A doença é provocada pelo protozoário Toxoplasma gondii, que é transmitido aos seres humanos por meio das fezes de diversos animais contaminados pelo agente transmissor. Participaram do evento, coordenado pela Área Técnica das Doenças de Veiculação Hídrica e Alimentar (DVHA/SVS/SES-TO), profissionais da saúde, gestores municipais e estaduais.
A responsável pela Área Técnica das Doenças de Veiculação Hídrica e Alimentar (DVHA/SVS/SES-TO), Débora Lima de Andrade, afirmou que o objetivo da capacitação é fornecer orientações para os profissionais de saúde, acerca das problemáticas enfrentadas, atualmente, no estado. "Queremos buscar melhoria na oferta dos serviços ofertados para os pacientes e reduzir os impactos que essa doença tem.

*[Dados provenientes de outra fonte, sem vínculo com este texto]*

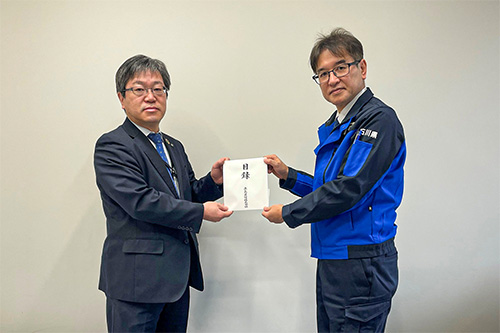 2月29日、鹿島 金沢営業所長（左）が石川県に義援金をお届け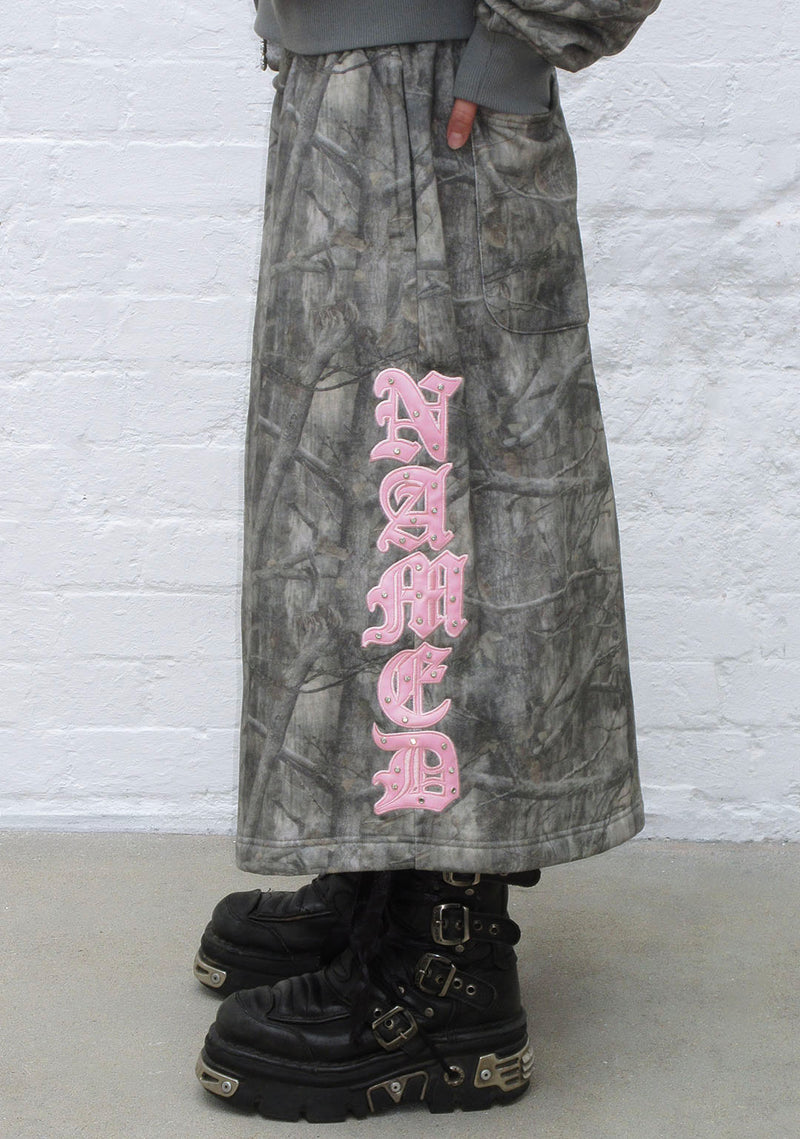 SPOILT OVERSIZED SWEATSHORTS TREE CAMO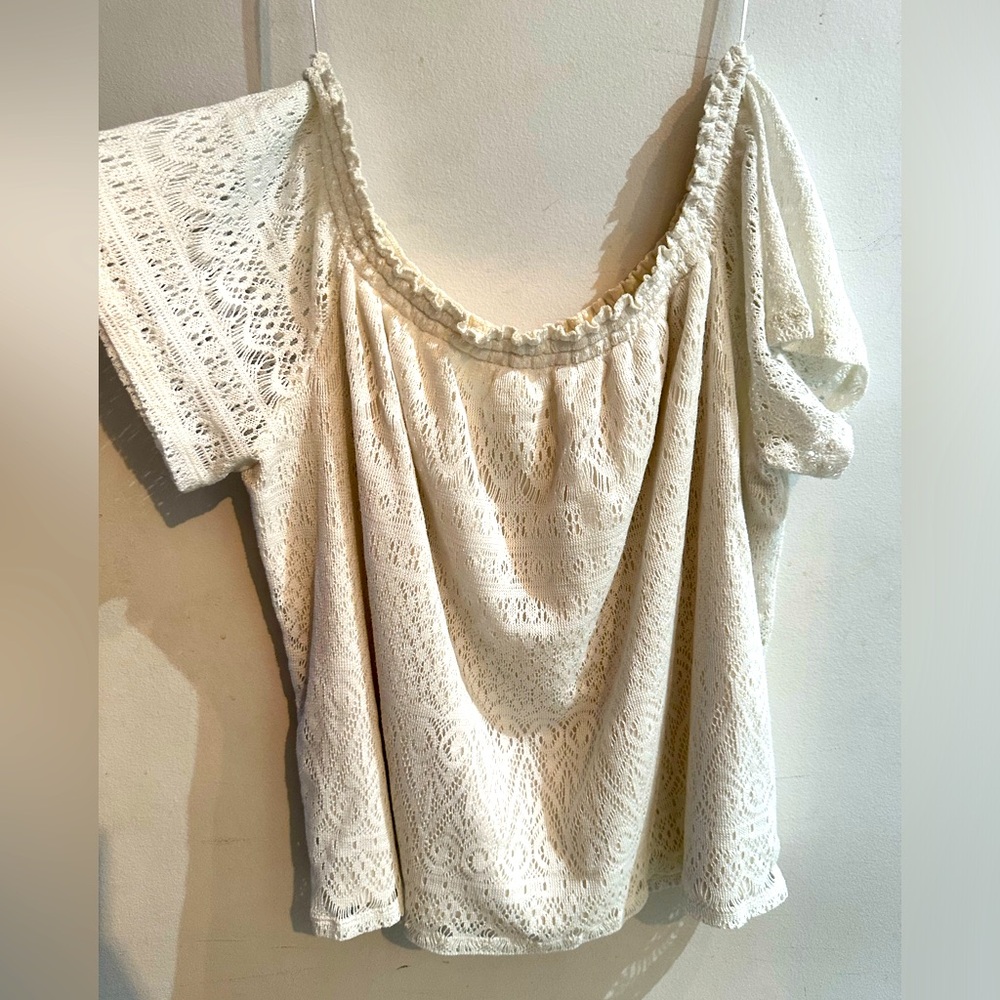 H&M Off Shoudler Top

Por ser uma doença negligenciada e de alto impacto, com o aumento de casos que a gente vem tendo nos últimos anos, bem como pela busca da qualidade da vigilância, nós escolhemos esse tema. Passamos por mudanças, adequações no esquema de medicação e tudo mais; com isso, essa perspectiva busca uma melhoria nos atendimentos”.

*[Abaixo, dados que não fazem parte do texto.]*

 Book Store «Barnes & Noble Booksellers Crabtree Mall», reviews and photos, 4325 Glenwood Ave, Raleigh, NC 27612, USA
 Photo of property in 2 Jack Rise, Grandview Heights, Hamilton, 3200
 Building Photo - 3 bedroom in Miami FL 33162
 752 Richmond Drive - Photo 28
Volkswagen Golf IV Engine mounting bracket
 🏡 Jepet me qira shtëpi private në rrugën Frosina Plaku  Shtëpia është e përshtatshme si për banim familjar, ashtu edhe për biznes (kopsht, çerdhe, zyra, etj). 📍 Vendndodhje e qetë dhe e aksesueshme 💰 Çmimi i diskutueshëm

A enfermeira da Vigilância Hospitalar do Hospital e Maternidade Dona Regina Siqueira Campos (HMDR), Solany Moreira, afirmou que além de ser muito importante, a capacitação tem uma relevância gigantesca para o Sistema Único de Saúde (SUS), porque a toxoplasmose ainda é um agravo na rotina de notificação e muito constante. "A atualização é fundamental para nos tornarmos profissionais com uma maior capacidade de identificar os casos, podermos renovar as questões de protocolos de assistência para ter maior efetividade e eficácia no tratamento, além de evitar problemas de morbidade mais severa ou morte em crianças até um ano de idade. Não só para a área hospitalar, mas para toda a rede SUS, de baixa, média e alta complexidade”, informou.
“Acredito que este evento sensibiliza os municípios quanto à prevenção, ao diagnóstico precoce e ao melhor cuidado com a população. É importante para nós, que estamos lá na ponta do estado, fazer um perinatal de qualidade também e que a gente possa identificar esses casos evitáveis da toxoplasmose e, consequentemente, a toxoplasmose congênita”, relatou o coordenador de Vigilância em Saúde e enfermeiro da Secretaria Municipal de Saúde de Brasilândia (Semus/Brasilândia), Clésio Alves da Silva.
A superintendente de Vigilância em Saúde da SES-TO, Perciliana Bezerra, falou sobre atuação da área técnica, quanto à toxoplasmose congênita. “Nós temos que trabalhar uma causa evitável que é a síndrome congênita por conta de uma toxoplasmose na gestante. O diagnóstico oportuno e adequado proporciona uma causa evitável do nascimento de uma criança com síndrome congênita e toxoplasmose. Que possamos sair daqui com uma perspectiva de informação e de reorganizar os nossos processos de trabalho na perspectiva da percepção e do diagnóstico da toxoplasmose, especialmente em gestantes. A vigilância trabalha na perspectiva de antever os acontecimentos. Então, a gente tem que ter a percepção e suspeição. Qualquer profissional da área de saúde pode muito bem suspeitar, a suspeição é importante para desencadear o processo de investigação em tempo oportuno”, pontuou.
Dados
Segundo dados do Sistema de Informação de Agravos de Notificação (Sinan), em 2022, no Tocantins houve 273 casos notificados de toxoplasmose gestacional e 233 casos confirmados. No ano de 2023, foram notificados 265 casos e 174 casos foram confirmados.
No ano de 2022, foi registrado o total de 176 notificações de toxoplasmose congênita, e houve 123 confirmações da doença. Em 2023, foram notificados 276 casos de toxoplasmose congênita, com 141 casos confirmados.